Segment Open

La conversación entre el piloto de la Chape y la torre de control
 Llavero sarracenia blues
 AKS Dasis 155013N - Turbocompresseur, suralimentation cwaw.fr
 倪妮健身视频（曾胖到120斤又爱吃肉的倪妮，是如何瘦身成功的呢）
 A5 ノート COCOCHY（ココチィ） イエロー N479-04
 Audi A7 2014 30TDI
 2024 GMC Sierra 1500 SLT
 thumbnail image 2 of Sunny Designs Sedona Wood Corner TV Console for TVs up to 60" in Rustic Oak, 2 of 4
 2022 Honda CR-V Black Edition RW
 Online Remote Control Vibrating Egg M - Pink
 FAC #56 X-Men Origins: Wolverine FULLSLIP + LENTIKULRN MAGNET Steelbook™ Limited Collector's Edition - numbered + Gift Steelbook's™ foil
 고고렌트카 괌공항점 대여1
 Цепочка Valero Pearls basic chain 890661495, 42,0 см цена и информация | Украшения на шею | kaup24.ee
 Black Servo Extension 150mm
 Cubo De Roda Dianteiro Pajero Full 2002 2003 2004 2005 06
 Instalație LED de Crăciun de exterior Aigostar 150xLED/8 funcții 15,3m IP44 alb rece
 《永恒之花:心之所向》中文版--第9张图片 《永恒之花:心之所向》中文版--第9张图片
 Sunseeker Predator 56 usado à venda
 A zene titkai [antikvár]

Segment Closed

WHAT THE TASK REQUIRES » The line containing "Cubo De Roda" and every line after it, through the end of the records, should be repeated exactly and alone.

TASK RESPONSE »
 Cubo De Roda Dianteiro Pajero Full 2002 2003 2004 2005 06
 Instalație LED de Crăciun de exterior Aigostar 150xLED/8 funcții 15,3m IP44 alb rece
 《永恒之花:心之所向》中文版--第9张图片 《永恒之花:心之所向》中文版--第9张图片
 Sunseeker Predator 56 usado à venda
 A zene titkai [antikvár]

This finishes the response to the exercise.